**ASSIGNMENT**
From the line containing "Dark Clouds - Classic Unisex Pullover Hoodie" to the end of the data, retype every line exactly and nothing else. Drop the pictures.

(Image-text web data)
>>

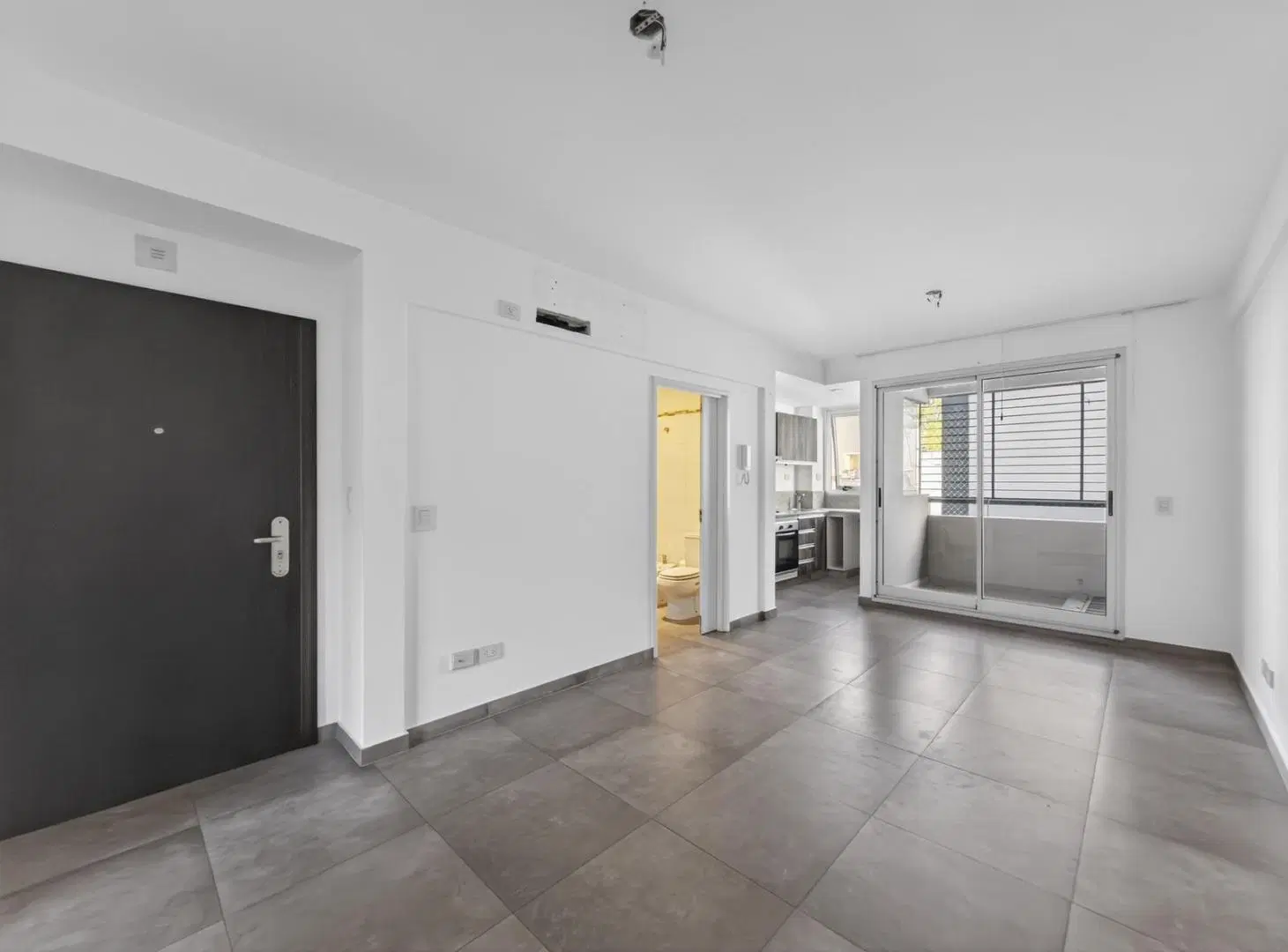 ALQUILER DEPARTAMENTO 2 AMBIENTES BALCON PALERMO APTO MASCOTA 5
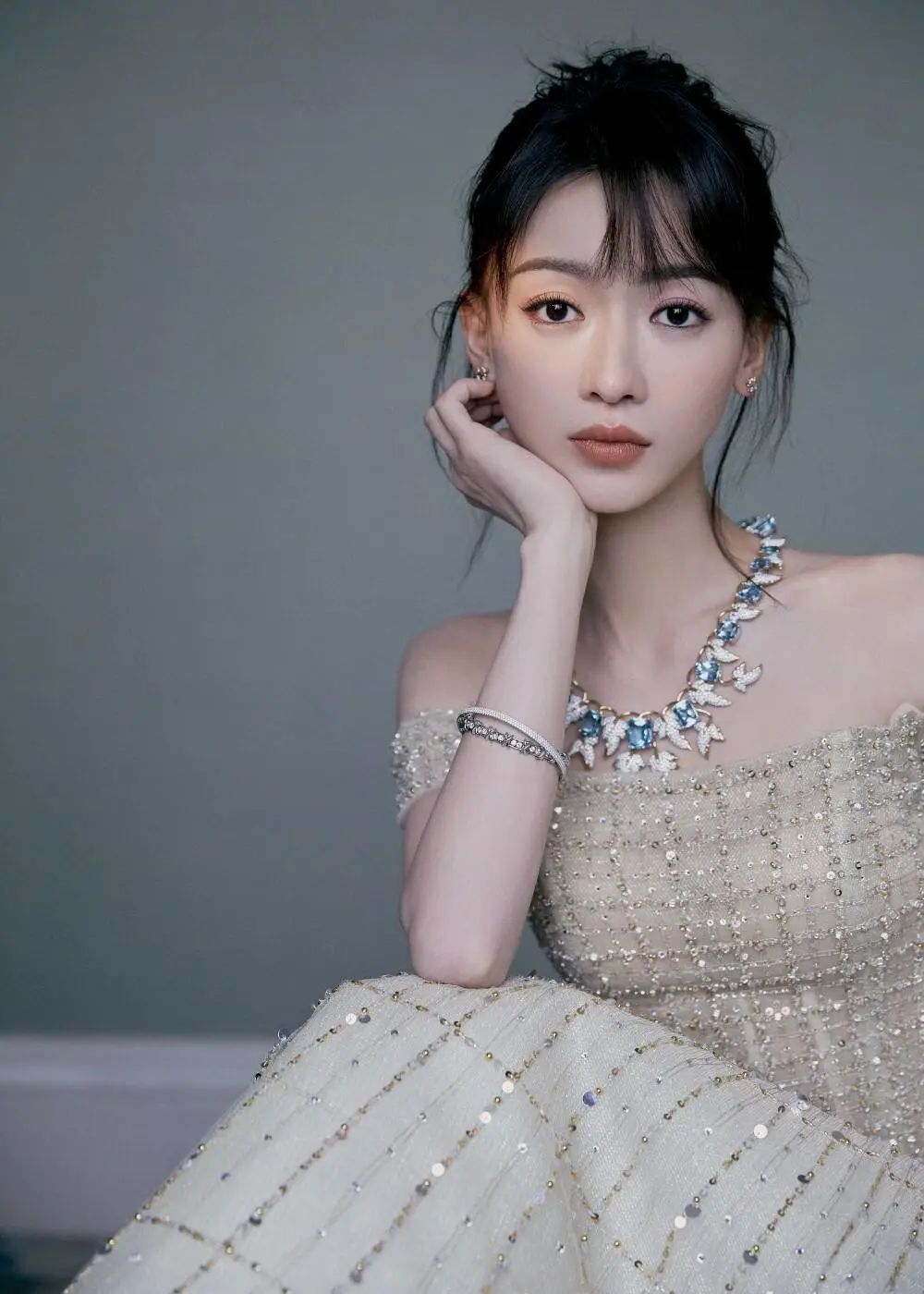 那个被央视批评耍大牌的女演员要在芒果台乘风破浪，她能获原谅吗休闲区蓝鸢梦想 - Www.slyday.coM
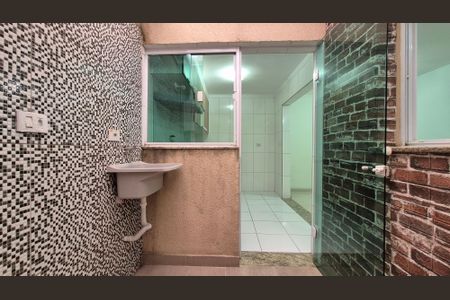 Apartamento à venda com 55m², 2 quartos e 1 vagaÁrea de serviço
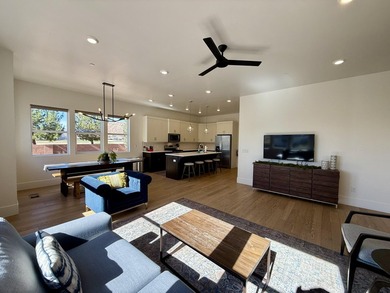 This is the perfect vacation rental for outdoor enthusiasts and on  in Utah - for sale on GolfHomes.com, golf home, golf lot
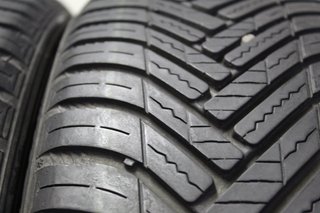 2 Gomne Hankook Kinergy 4S 175/55 R15 77T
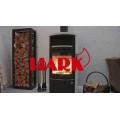 Печь-камин HARK 44-5.3 GT ECOplus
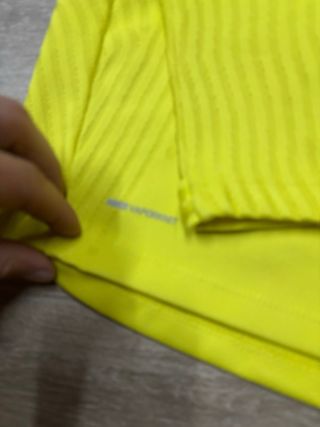 Sudadera Barça Nike VaporKnit 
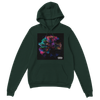 Dark Clouds - Classic Unisex Pullover Hoodie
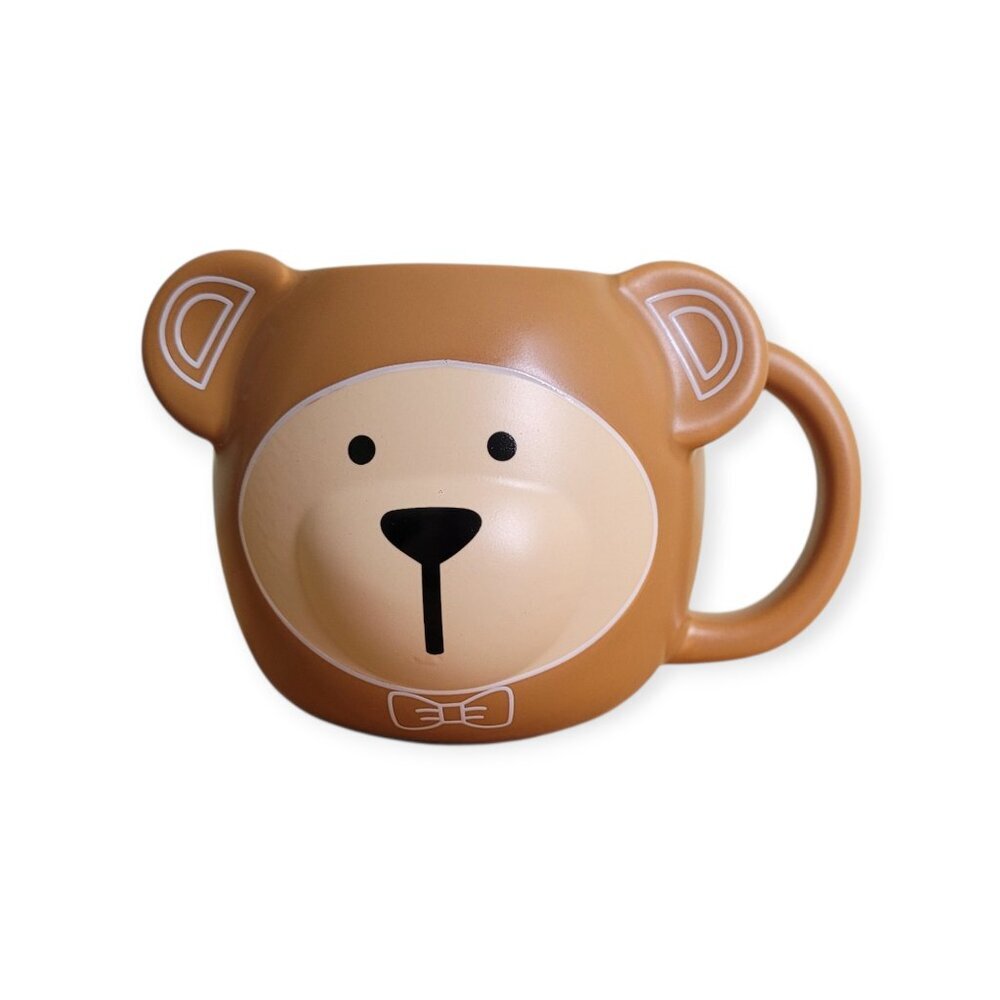 Starbucks 2025 Holiday Bear Cup 14oz Collectible Tumbler New With Tags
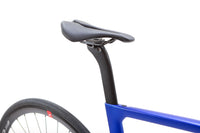 Pinarello F5 Shimano 105 Di2 Disc Road Bike 2024, Size 54.5cm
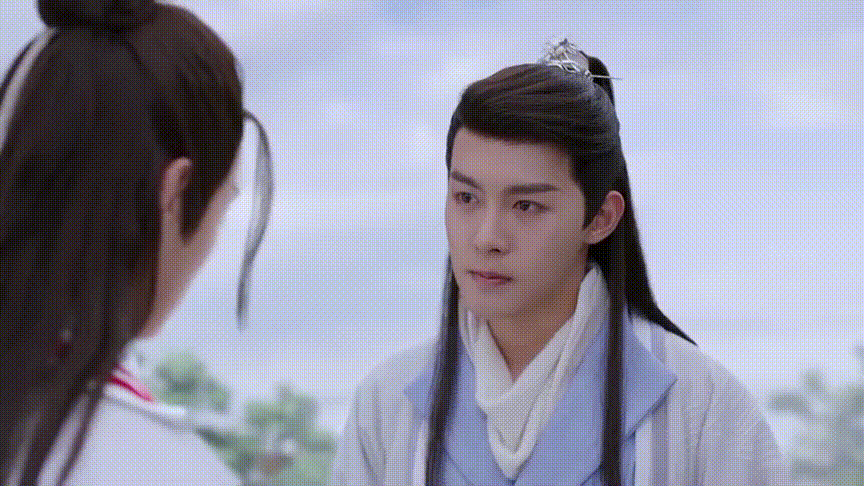 从前有座灵剑山电视剧中哪位演员饰演小兰，从前有座灵剑山女主是谁饰演（王陆和“宇智波小海”分道扬镳）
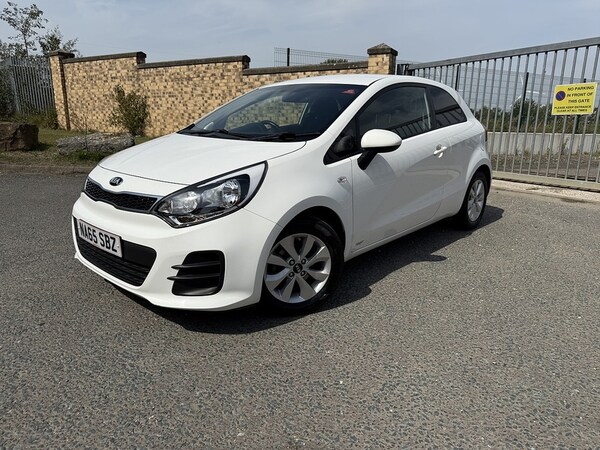 Used Kia Rio 2015 for sale - 76280538: Photo 15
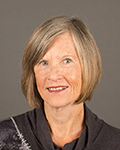 Karen Jensen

<<

**TASK RESPONSE**
 Dark Clouds - Classic Unisex Pullover Hoodie
 Starbucks 2025 Holiday Bear Cup 14oz Collectible Tumbler New With Tags
 Pinarello F5 Shimano 105 Di2 Disc Road Bike 2024, Size 54.5cm
 从前有座灵剑山电视剧中哪位演员饰演小兰，从前有座灵剑山女主是谁饰演（王陆和“宇智波小海”分道扬镳）
 Used Kia Rio 2015 for sale - 76280538: Photo 15
 Karen Jensen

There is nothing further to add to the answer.